§ **EXERCISE AIM**: Transcribe each record precisely; images stay out.

======== RECORDS

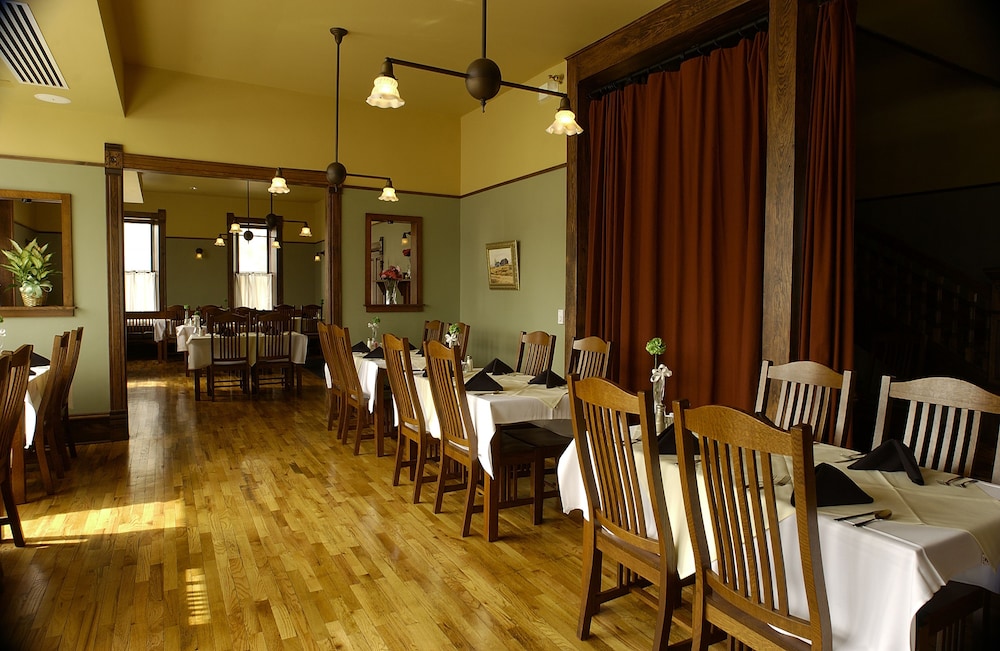 Midland Railroad Hotel - photo 10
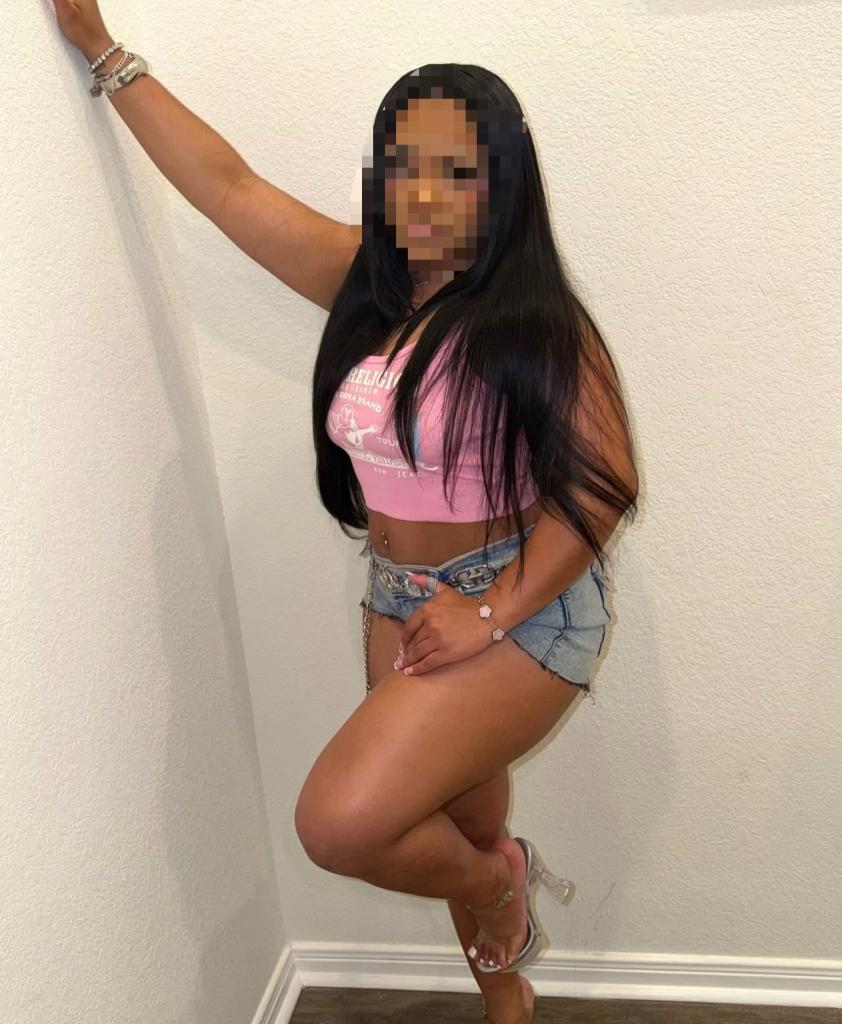 623567438: Chica busca chico en Cádiz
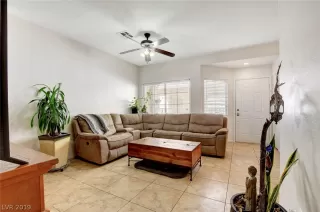 Photo #5: 2127762 Listing 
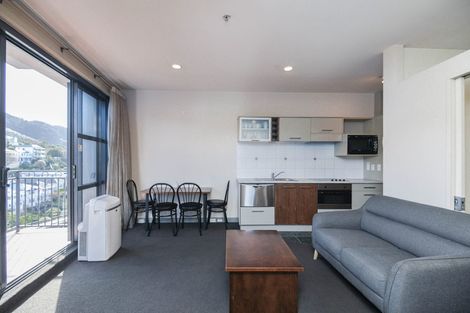 Photo of property in Atrium Towers, 8j/154 The Terrace, Wellington Central, Wellington, 6011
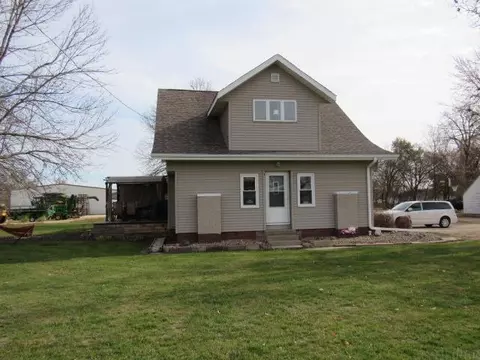1049 S Main St, Monticello, IA 52310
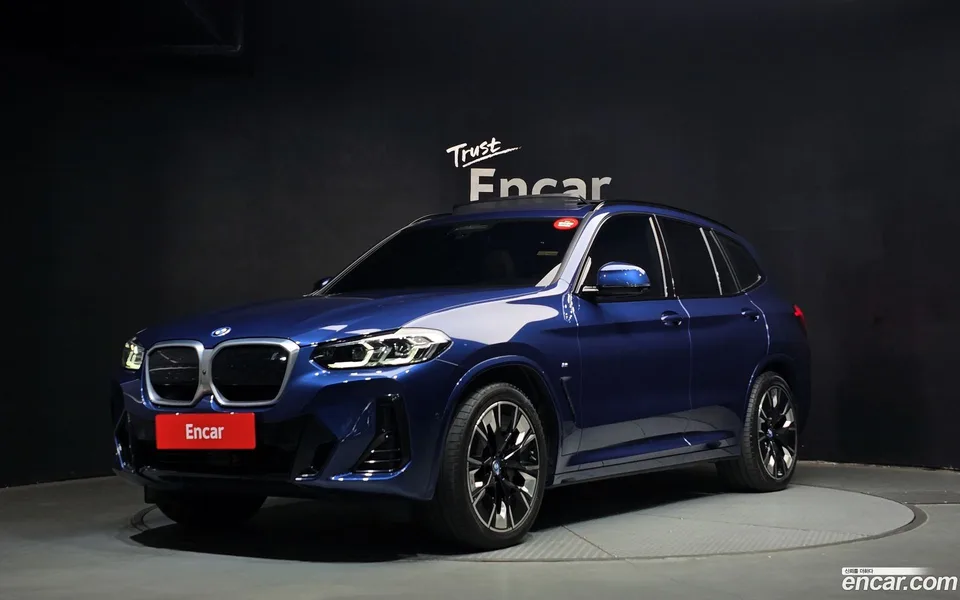 BMW iX3 M 2022 — фото 1, купить с доставкой в Москву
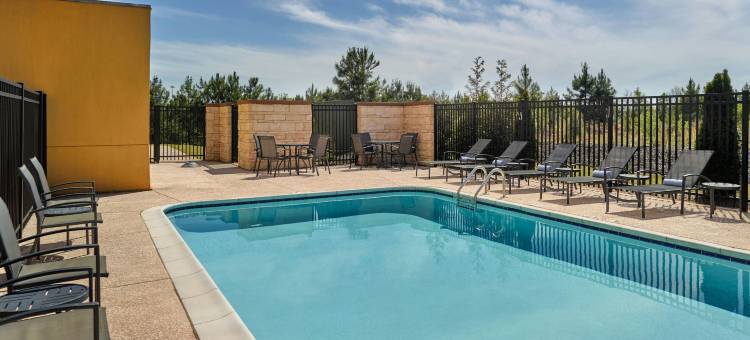 洛克斯特格罗夫I-75南万枫酒店及套房(Fairfield Inn & Suites Locust Grove I-75 South)图片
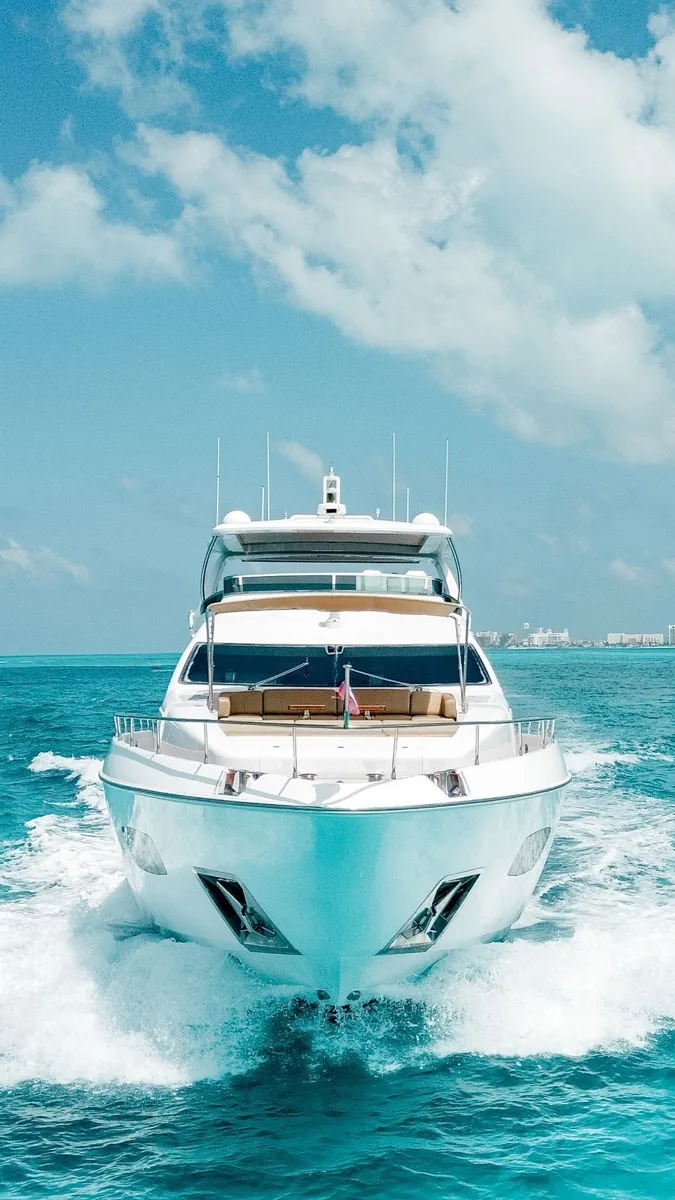 Azimut 100, foto 4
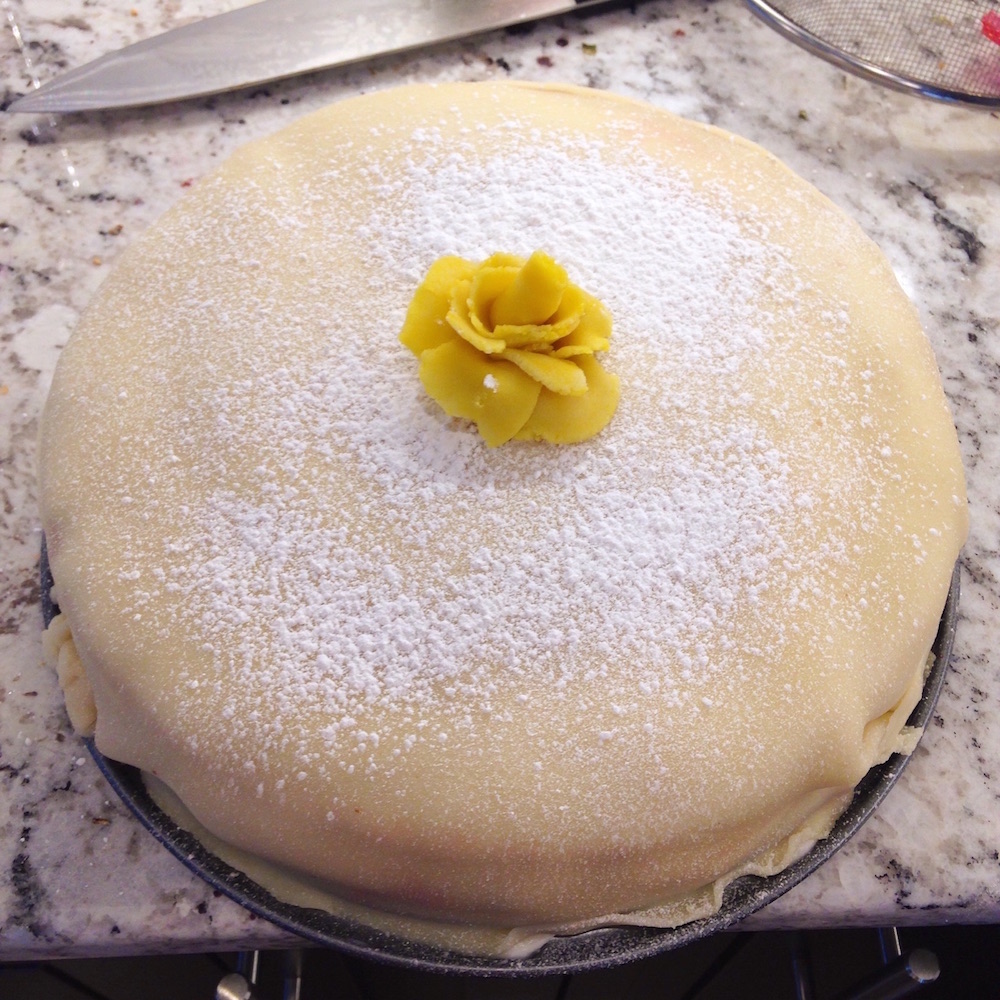 Analyzing Heat and Mass Transfer During Cake Baking with Simulation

================

§ **WRITTEN REPLY**:
 Midland Railroad Hotel - photo 10
 623567438: Chica busca chico en Cádiz
 Photo #5: 2127762 Listing 
 Photo of property in Atrium Towers, 8j/154 The Terrace, Wellington Central, Wellington, 6011
1049 S Main St, Monticello, IA 52310
 BMW iX3 M 2022 — фото 1, купить с доставкой в Москву
 洛克斯特格罗夫I-75南万枫酒店及套房(Fairfield Inn & Suites Locust Grove I-75 South)图片
 Azimut 100, foto 4
 Analyzing Heat and Mass Transfer During Cake Baking with Simulation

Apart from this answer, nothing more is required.